90-Day Pauses Only Fuel Front Loading
Now, even as tariffs are paused for 90 days, getting us to August, I was curious if that same strategy of frontloading would be used to bring in the goods to cover the busy season of back-to-school and the winter holidays.
Judah believes we’ll only see changes to the timing of shipments. “I think shippers want to take that opportunity. So that's probably going to come at the expense of volumes that would have come later in the year, not necessarily at the expense of overall volume strength, but rather in terms of the timing.”

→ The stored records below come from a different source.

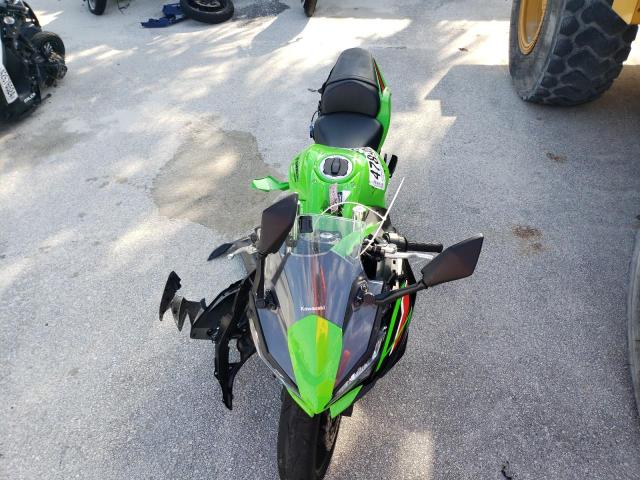2024 KAWASAKI EX650 P - ML5EXEP19RDAB2644
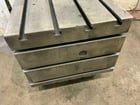 Carlton, 30 x 24 x 24, universal drill table, 90&deg; table tilt - Image 5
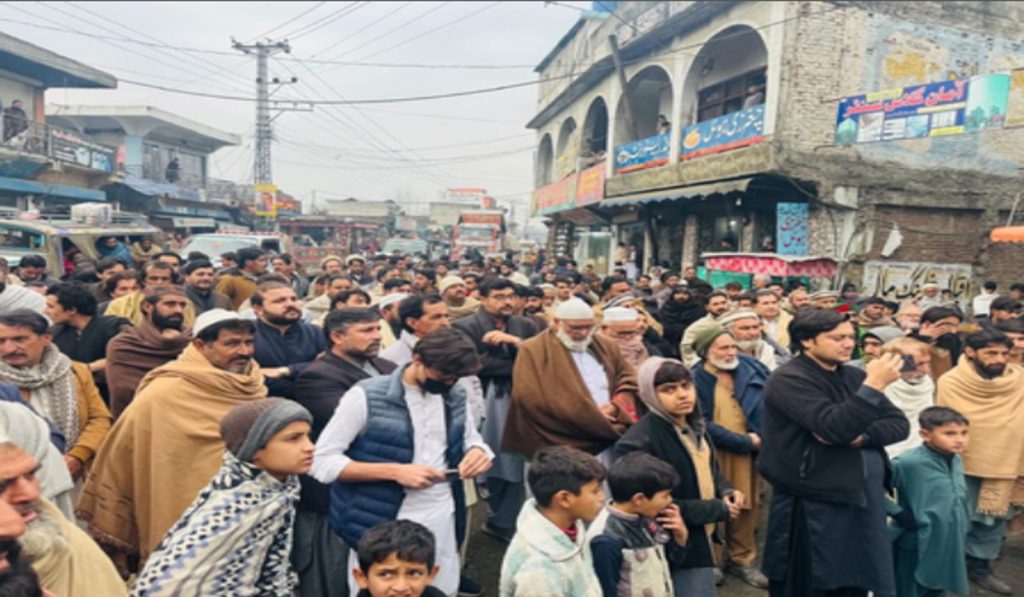 PTI Workers Stage Nationwide Protests Against Imran Khan’s Sentence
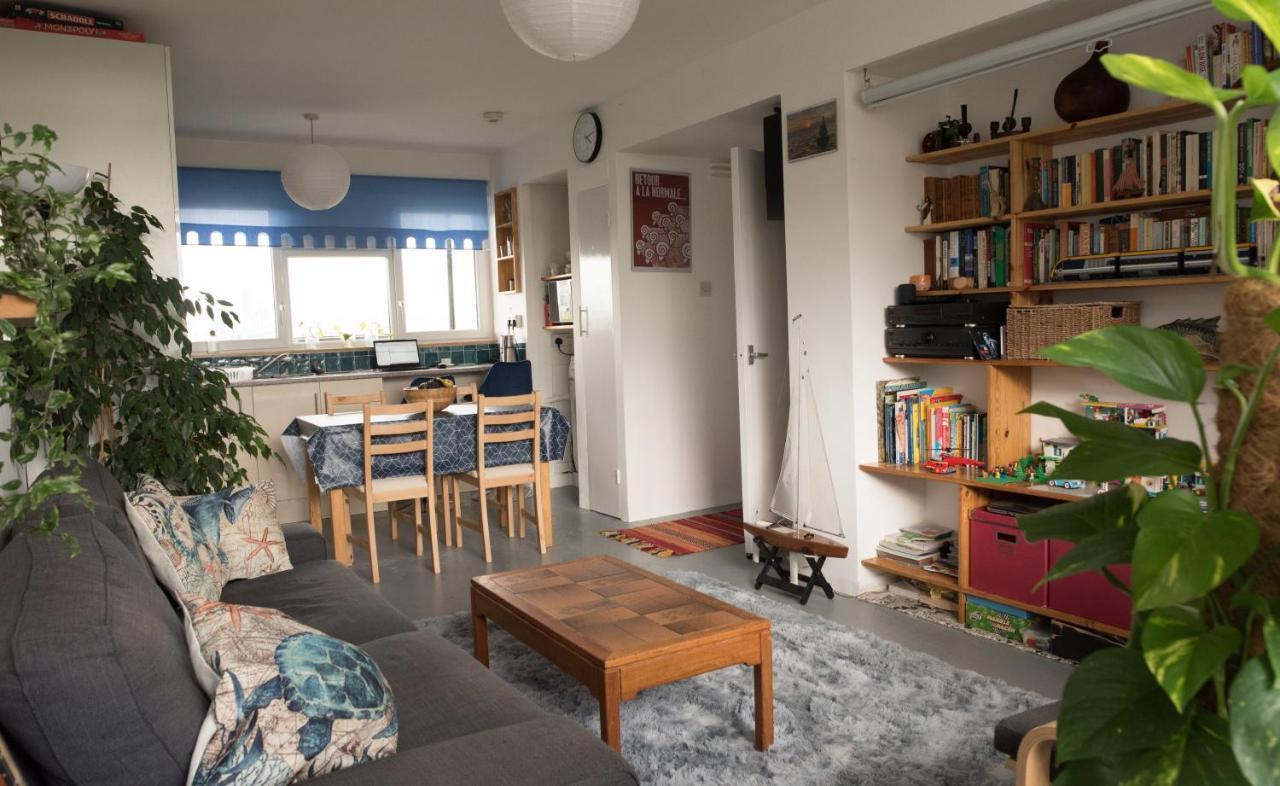 Bright And Spacious 1 Bed Flat In Camberwell London Exteriör bild
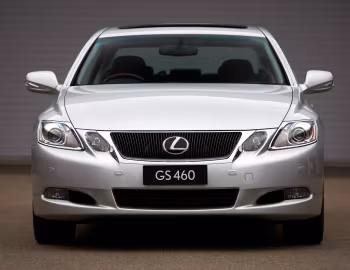 Lexus GS 460 [Australia] (S190) '2008–12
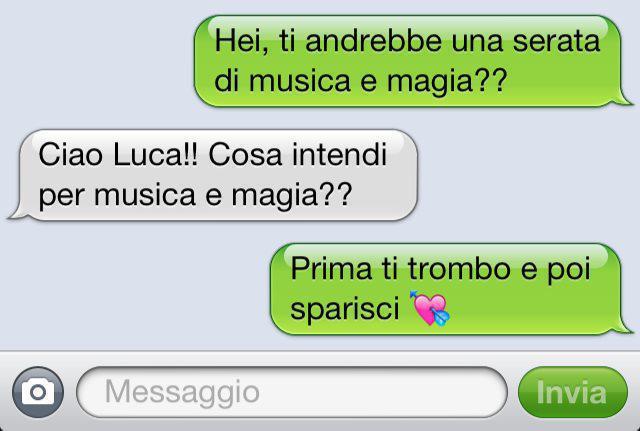 SO'TEMPI MODERNI !! - 13/03/2012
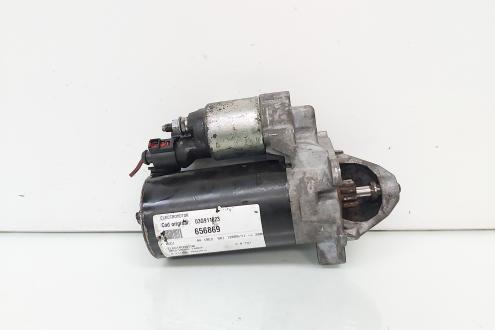 Electromotor, cod 03G911023, Audi A4 (8E2, B6), 2.0 TDI, BPW, 6 vit man (id:656869)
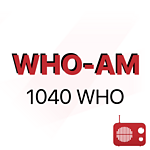 NewsRadio 1040, WHO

Still, 90 days is not a lot of time to pivot in the shipping world, and decisions may not be able to be reversed for months. With that in mind, Judah sees shippers recognizing their window of opportunity for getting goods now instead of dealing with tariff impacts that can be extremely expensive and disruptive to their business.
Beating Tariff Deadlines and Meeting Consumer Demand
One constant in supply chain is that consumer needs and preferences are always changing. That poses a real challenge as shippers look to get as many goods onshore as possible.
“It’s hard to know what level of inventory to bring in if trade policies could impact the economy, possibly drive up inflation and drive down consumer strength and GDP, and lead to lower demand for the types of goods you're trying to bring in,” says Judah. As a result, many big companies have suspended their projections for the year because “there's just no way to tell because they're just different scenarios that could lead one way or the other.”
As shippers try to find the balance between increasing volume and meeting demand, another question looms: how will global shipping and domestic availability be affected if foreign trade barriers are removed and U.S. exports increase?
While Judah believes domestic demand will be the first priority over foreign interest, that’s highly dependent on the economics and available alternatives. “If you don't have an alternative place to manufacture and source [certain goods], then that is something that could [lead] to empty shelves and much higher prices.”
De Minimis Pausing Means a Shift in Shipping Routes
Until recently, consumers could get imported shipments valued under $800 sent directly to their door. This speed and convenience were largely possible due to the availability of air freight and the ‘de minimis’ loophole, which spared these overseas companies the cost and delay of formal customs entry. With the pausing of de minimis, and the resulting customs fillings, there has been a significant drop in China to U.S. air cargo volumes, primarily in the freight charter market.
Judah expects this to slightly impact Chinese e-commerce and potentially the spot market. “I don't think we're going to see Chinese e-commerce go away in terms of their presence in the U.S. It might decrease somewhat. You might see prices go up a little bit.”
As we get new updates on tariffs and trade policies every day, time will tell how these changes will play out in the shipping market and beyond.